Now it’s time for the rubber to meet the road.

Instead of languishing in vagueness, start setting a new “working” standard, understanding that moderation will be a process of experimentation and refinement.

You’ll be training yourself toward moderate eating/exercising/living week by week.

I’m not one for excessive recording, but it can be a great tool for awareness—the raw numbers that demonstrate the crucial difference between perception and practice. Use a notebook or app to record your day’s activity/diet/sleep patterns/stress perceptions—whatever you’re trying to rein in. At the end of each day, take a look. Where exactly is the 80/20 Principle falling apart in your day? How much time did you really spend lifting or performing heavy cardio today? How does it compare to the Primal Blueprint recommendations?

When Moderation Isn’t the Answer

Finally, I think it’s well worth coming back to the question of elimination. A rational adult knows better than to believe that every option under the sun needs to be at the table for life to be worth living. We maturely eschew certain things because we accept they aren’t good for us—for us as individuals.

Some people can have a brownie at the family picnic and be done at one. For other people, it just doesn’t work that way. They’re better leaving it out altogether. Learn to accept that some things resist moderation for you. They’re a set-up every time. Gluten allergies, sugar addiction, adrenal fatigue or other health propensities (e.g. aggressive cancers that run in your family) call us to ditch moderation for the sake of well-being.

In the interest of your own health and satisfaction, learn to reject the fixation on deprivation—the assumption that if we don’t have the freedom to indulge in everything at the buffet table or to run ourselves ragged because we’re obsessed with FOMO (fear of missing out), we’re being held back from life.
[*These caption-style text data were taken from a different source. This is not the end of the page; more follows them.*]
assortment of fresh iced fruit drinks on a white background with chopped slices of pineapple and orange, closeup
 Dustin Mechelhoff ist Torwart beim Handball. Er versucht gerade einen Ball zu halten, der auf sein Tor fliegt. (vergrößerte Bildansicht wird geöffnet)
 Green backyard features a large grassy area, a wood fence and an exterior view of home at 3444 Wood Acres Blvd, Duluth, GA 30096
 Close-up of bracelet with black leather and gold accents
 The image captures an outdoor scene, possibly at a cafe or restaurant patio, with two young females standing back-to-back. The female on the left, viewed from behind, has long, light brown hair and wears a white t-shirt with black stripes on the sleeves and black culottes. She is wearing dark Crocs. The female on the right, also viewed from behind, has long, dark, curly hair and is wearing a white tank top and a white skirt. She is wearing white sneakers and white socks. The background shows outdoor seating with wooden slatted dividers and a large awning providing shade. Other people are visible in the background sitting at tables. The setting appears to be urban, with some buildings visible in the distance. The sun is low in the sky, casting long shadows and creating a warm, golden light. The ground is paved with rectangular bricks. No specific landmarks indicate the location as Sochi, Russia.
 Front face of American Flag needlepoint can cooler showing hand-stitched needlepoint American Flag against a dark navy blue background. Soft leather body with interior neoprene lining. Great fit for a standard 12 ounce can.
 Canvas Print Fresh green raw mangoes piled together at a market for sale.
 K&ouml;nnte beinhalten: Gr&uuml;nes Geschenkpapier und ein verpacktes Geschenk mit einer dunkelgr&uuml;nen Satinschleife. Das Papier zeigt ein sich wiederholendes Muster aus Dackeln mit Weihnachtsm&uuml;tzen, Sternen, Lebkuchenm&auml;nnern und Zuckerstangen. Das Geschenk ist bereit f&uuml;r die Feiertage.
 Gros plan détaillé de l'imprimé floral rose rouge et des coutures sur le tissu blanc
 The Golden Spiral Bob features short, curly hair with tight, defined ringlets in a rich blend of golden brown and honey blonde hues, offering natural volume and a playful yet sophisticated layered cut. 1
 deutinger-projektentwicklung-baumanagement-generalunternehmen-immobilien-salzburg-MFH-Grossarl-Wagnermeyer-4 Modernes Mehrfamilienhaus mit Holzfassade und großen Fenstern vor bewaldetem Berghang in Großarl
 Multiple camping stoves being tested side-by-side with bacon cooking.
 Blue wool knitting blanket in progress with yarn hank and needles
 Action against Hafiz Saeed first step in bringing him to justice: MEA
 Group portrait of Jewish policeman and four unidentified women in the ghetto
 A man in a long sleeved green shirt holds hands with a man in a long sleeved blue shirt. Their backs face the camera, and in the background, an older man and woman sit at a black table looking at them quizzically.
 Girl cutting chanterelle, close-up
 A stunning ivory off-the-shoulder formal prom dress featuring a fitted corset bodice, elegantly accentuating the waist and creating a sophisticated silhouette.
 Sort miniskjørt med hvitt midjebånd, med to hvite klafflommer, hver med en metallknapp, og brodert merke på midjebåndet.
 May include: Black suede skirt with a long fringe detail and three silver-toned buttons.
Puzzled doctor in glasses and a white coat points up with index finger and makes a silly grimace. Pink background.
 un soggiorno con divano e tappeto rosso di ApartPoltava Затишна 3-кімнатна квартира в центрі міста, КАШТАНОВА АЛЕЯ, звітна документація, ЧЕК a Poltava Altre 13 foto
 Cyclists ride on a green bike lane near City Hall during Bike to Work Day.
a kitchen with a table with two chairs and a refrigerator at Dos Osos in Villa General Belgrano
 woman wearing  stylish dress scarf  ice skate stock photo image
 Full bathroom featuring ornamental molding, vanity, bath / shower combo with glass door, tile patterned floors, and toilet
A smart approach to moderation knows what to leave out of the picture entirely.

Ultimately, the question of appropriate and effective moderation may boil down to a lifelong commitment to reading the body’s feedback. At what points do we realize we’ve extended ourselves beyond the range of tolerable impact? The further along we are in the journey, the more attuned we’ll be to these shifts in mood, sleep, energy and performance.

Thanks for reading today, everyone. I’d love to hear how you’ve honed your way to moderation in Primal living. Have a great end to the week.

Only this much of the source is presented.